# [TASK DESCRIPTION]
Omit all pictures and transcribe only the lines in the entries below that run from the line with "this 522×783 image." through the line with "this 1000×749 image.".
------ MATERIAL FOR THIS EXERCISE ------
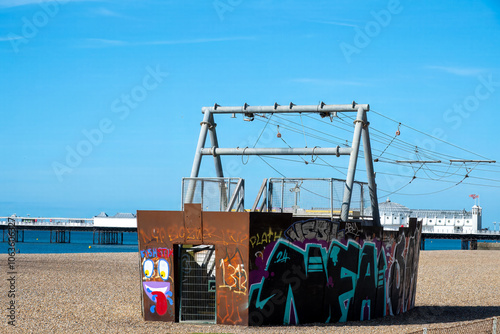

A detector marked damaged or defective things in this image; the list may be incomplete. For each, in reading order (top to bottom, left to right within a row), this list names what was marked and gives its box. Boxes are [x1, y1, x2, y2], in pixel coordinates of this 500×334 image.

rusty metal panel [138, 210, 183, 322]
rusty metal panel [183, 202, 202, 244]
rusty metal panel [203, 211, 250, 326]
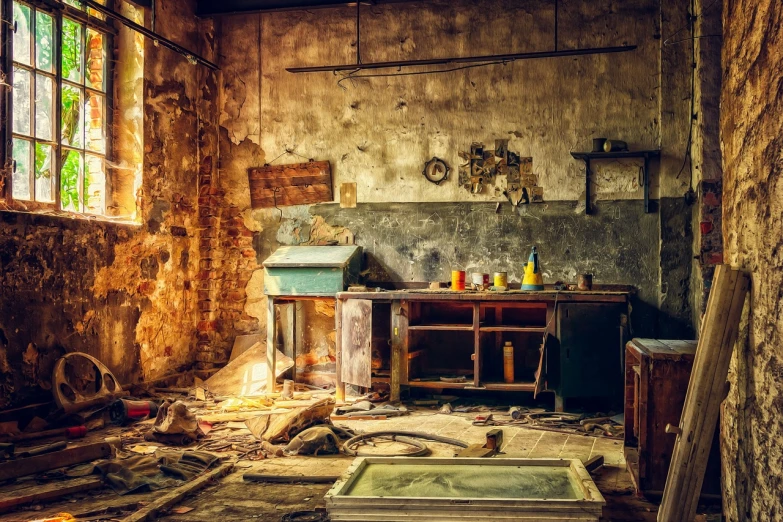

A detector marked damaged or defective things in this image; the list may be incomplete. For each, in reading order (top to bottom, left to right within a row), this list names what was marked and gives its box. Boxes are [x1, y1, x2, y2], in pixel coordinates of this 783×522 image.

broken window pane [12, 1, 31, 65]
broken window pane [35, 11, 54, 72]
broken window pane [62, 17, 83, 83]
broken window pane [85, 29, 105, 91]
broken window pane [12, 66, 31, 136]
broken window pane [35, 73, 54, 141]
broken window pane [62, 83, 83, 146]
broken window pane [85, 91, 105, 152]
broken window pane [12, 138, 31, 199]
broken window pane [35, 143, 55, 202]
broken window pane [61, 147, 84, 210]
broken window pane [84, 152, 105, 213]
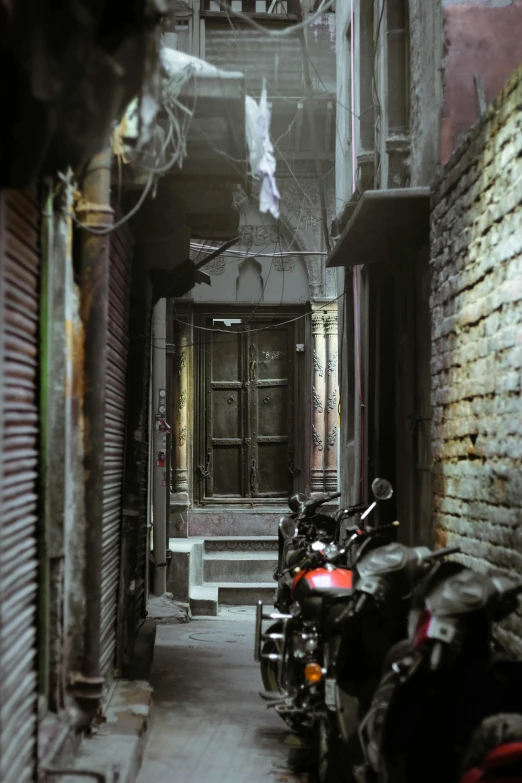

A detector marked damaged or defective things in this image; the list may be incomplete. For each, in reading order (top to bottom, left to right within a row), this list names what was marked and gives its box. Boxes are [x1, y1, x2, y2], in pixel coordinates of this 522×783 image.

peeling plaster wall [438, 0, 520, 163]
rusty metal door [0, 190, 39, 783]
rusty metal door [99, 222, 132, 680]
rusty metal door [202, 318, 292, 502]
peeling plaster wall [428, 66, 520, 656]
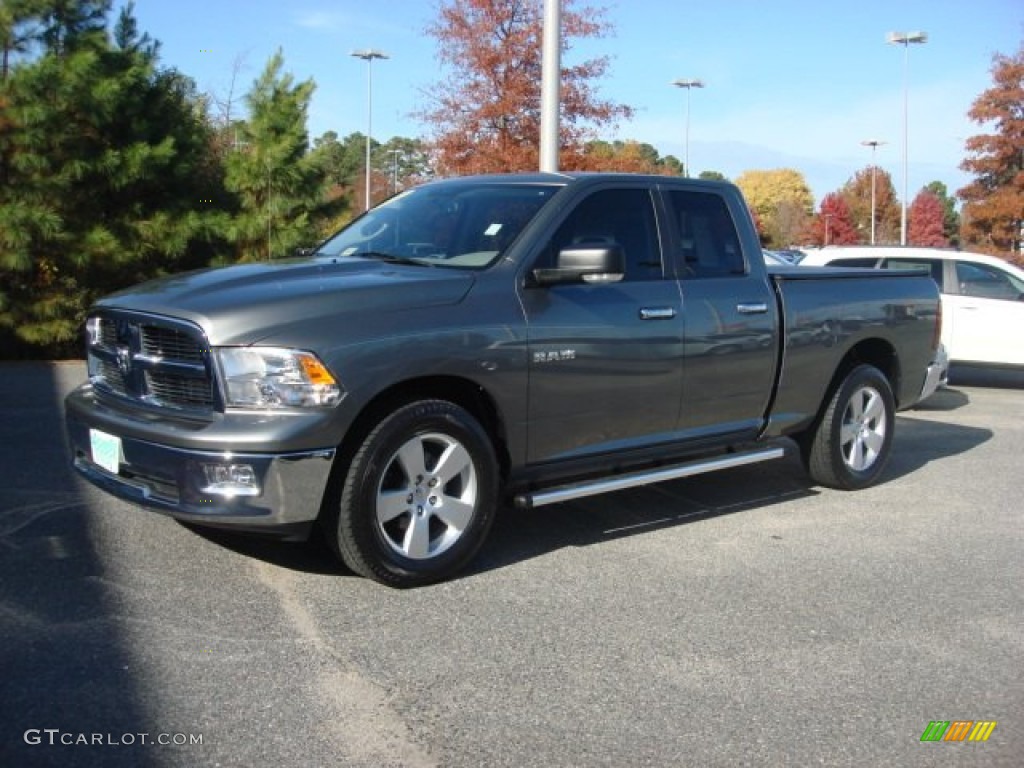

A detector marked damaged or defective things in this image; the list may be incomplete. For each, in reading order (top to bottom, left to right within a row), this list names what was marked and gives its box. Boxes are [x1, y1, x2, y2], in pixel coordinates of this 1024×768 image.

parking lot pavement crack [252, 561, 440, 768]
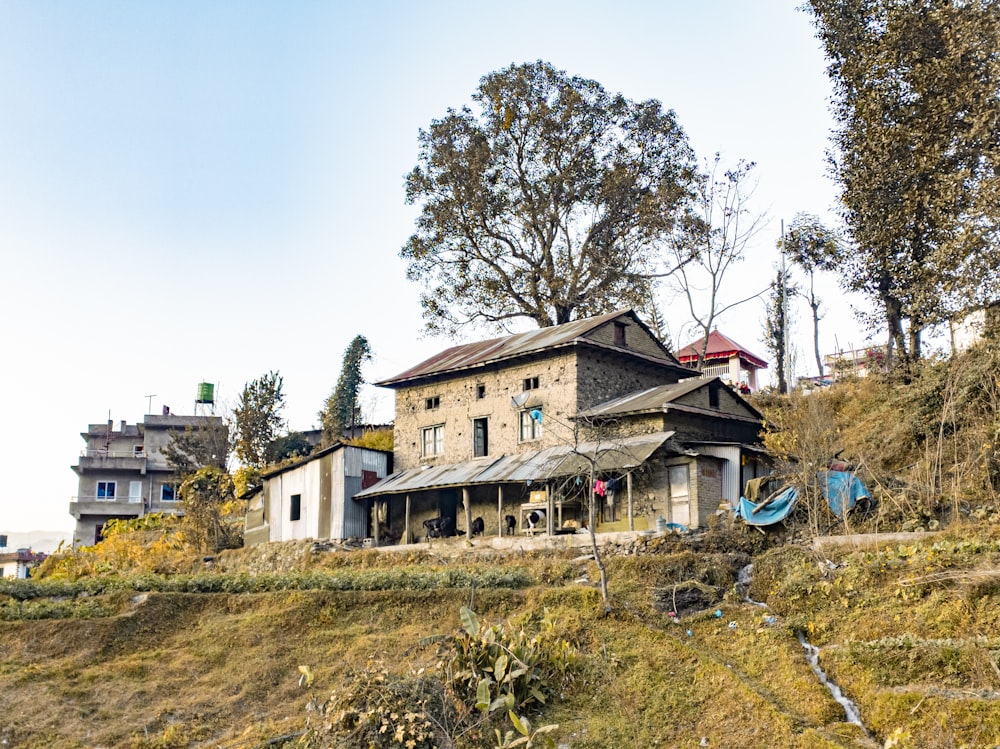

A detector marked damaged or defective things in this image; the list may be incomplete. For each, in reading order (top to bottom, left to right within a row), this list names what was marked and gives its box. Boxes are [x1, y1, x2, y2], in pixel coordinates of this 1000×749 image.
------
------ MATERIAL FOR THIS EXERCISE ------
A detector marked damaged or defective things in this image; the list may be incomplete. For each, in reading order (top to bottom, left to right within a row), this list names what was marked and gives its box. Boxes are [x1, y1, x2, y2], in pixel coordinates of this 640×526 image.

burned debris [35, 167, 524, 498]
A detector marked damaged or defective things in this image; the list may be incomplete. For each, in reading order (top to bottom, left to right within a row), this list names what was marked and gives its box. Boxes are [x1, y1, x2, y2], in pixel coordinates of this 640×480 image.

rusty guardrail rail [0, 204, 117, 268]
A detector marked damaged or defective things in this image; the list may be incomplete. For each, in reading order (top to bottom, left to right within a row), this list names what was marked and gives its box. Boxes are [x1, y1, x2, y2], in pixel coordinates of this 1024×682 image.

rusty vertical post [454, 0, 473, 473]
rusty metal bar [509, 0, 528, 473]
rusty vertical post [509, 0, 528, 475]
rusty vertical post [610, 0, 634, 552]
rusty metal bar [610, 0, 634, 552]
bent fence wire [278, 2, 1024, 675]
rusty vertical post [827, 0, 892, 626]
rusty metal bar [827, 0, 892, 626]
------
# [FINISHED TASK]
A detector marked damaged or defective things in this image; the list may be incomplete. For each, in reading order (top to bottom, left to right within a row), this list names what was marked and gives its box. Boxes are [x1, y1, x2, y2], in pixel coordinates of this 522×783 image.

peeling plaster wall [438, 0, 520, 163]
rusty metal door [0, 190, 39, 783]
rusty metal door [99, 222, 132, 680]
rusty metal door [202, 318, 292, 502]
peeling plaster wall [428, 66, 520, 656]

A detector marked damaged or defective things in this image; the list may be incomplete. For each, in reading order (top to bottom, left to right within a row), this list names what was marked and gives its box. Boxes are [x1, y1, x2, y2], in pixel coordinates of this 1024×768 image.

parking lot pavement crack [252, 561, 440, 768]

A detector marked damaged or defective things in this image; the list may be incomplete. For each, in reading order (top to bottom, left to right within a row), this list names what was marked and gives its box. Boxes are [x1, y1, x2, y2], in pixel coordinates of this 1000×749 image.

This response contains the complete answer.